Judge Payne summarily rejected Kolon’s Motions for Judgment Notwithstanding the Verdict, Motion for Remittitur and Motion for a New Trial through a pair of short orders, links to which can be found below. As DuPont’s post-trial request for punitive damages was addressed last fall (Judge Payne limited the punitive award to $350,000 under Virginia law), the case now appears ready for appeal.
Meanwhile, DuPont and Kolon continue to bitterly fight on other fronts. In a litigation that threatens to become even more acrimonious than the trade secret case, the parties continue to exchange body blows in the remaining antitrust litigation brought by Kolon. When DuPont brought its trade secret case in February 2009, Kolon counterclaimed, asserting that DuPont had monopolized the body armor market through improperly restrictive agreements with its customers. Judge Payne dismissed the claim in 2009 but it was reinstated by the Fourth Circuit.

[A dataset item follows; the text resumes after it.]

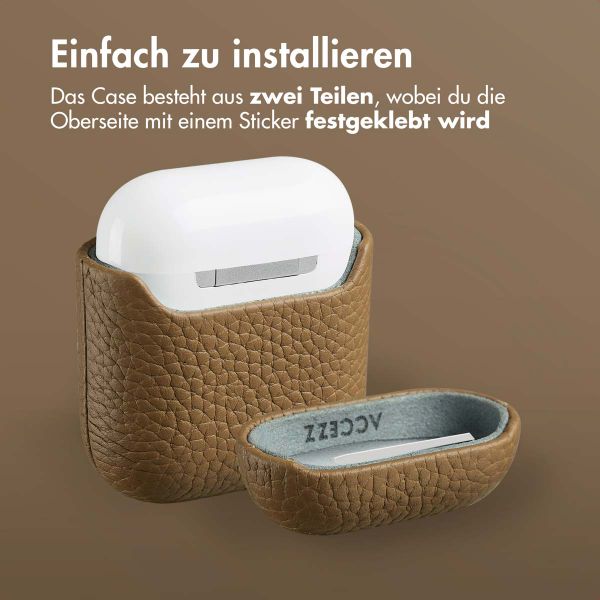 Accezz Echtleder Case  Apple AirPods 1 / 2 - Taupe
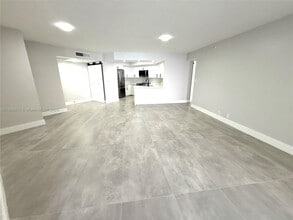 6767 Collins Ave in Miami, FL - Building Photo - Building Photo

Alyson Frankel’s “On the Case” Blog has a solid summary of the acrimonious antitrust litigation. Since its reinstatement, Kolon has been sanctioned and moved to disqualify Judge Payne based on his former partnership with DuPont counsel McGuire Woods (links to those pleadings can be found on Alyson’s article). Last week, DuPont filed a Motion for sanctions under Rule 11, arguing that the entire antitrust litigation was baseless and filed for no other reason than to distract DuPont, the Court and the public from Kolon’s misappropriation of DuPont’s Kevlar trade secrets.
Last summer, I likened this case to the East Coast version of the Mattel v. MGA litigation, which has been become the standard-bearer for bare-knuckles, bet-the-company trade secret litigation. Given the developments of the past few weeks, DuPont v. Kolon may become the new champ.